Given data:
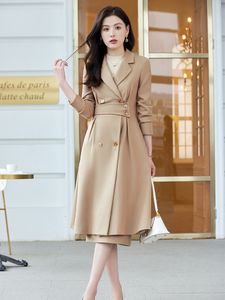 Two Piece Dres Formal Skirt Suit Female Black Apricot Coffee Long Sleeve Blazer Suits Office Business Work Wear Set 230324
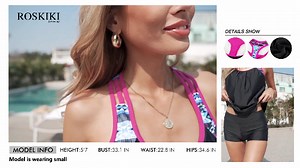 Watch ROSKIKI Push Up Racerback Blouson Tankini Set on Amazon Live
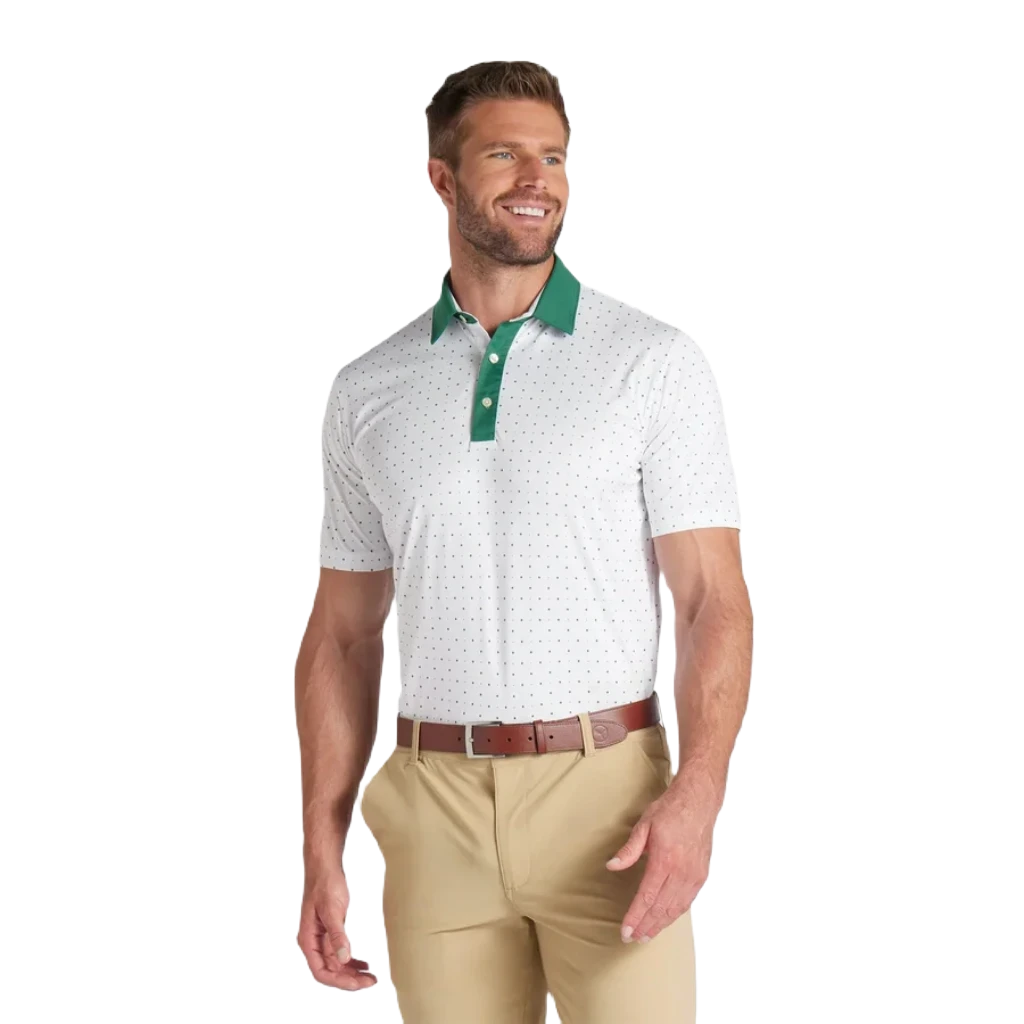 Pure Geo Golf Polo - White/Green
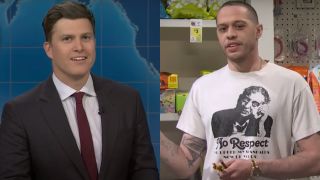 Colin Jost sitting at the Weekend Update desk, shown next to Pete Davidson acting in a sketch on Saturday Night Live - S50 E5.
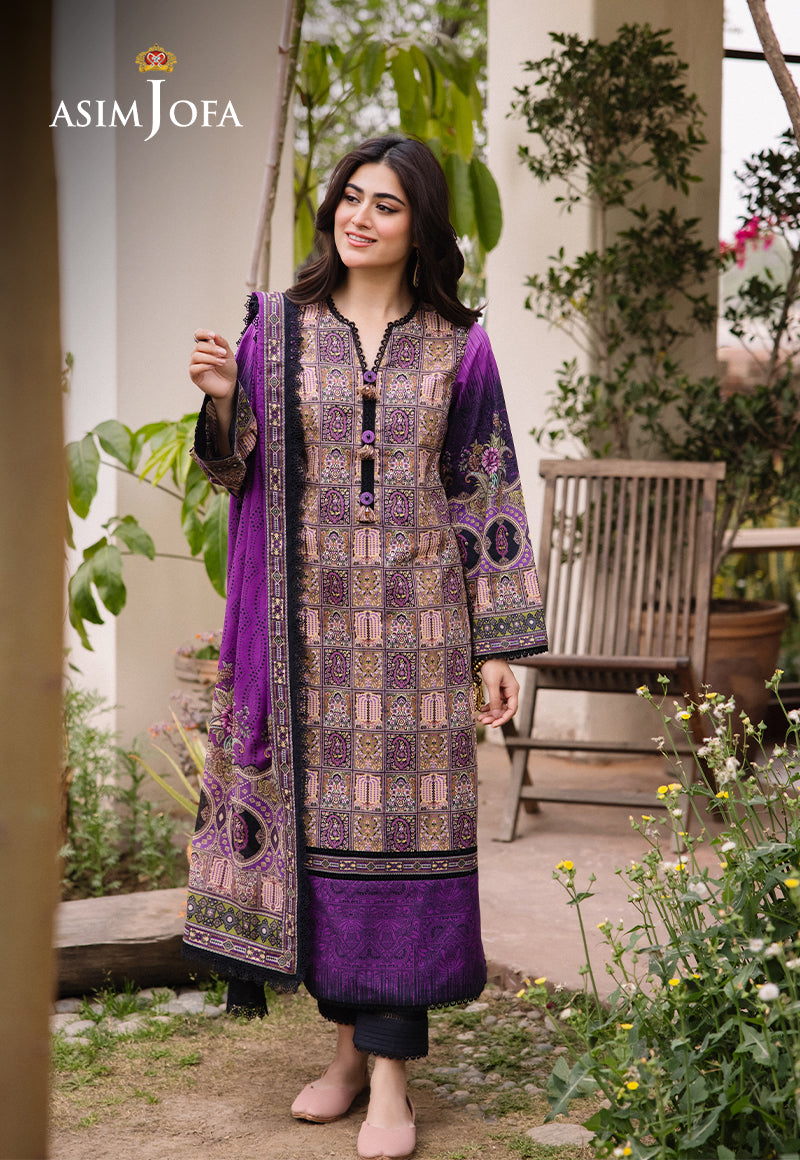 Asim Jofa 3 Piece Custom Stitched Suit - Purple - LB286657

What needs to be done:
Copy out only the lines from the one containing "Watch ROSKIKI Push" to the end of the entries, unchanged. Drop the pictures.

Output of the exercise:
 Watch ROSKIKI Push Up Racerback Blouson Tankini Set on Amazon Live
 Pure Geo Golf Polo - White/Green
 Colin Jost sitting at the Weekend Update desk, shown next to Pete Davidson acting in a sketch on Saturday Night Live - S50 E5.
 Asim Jofa 3 Piece Custom Stitched Suit - Purple - LB286657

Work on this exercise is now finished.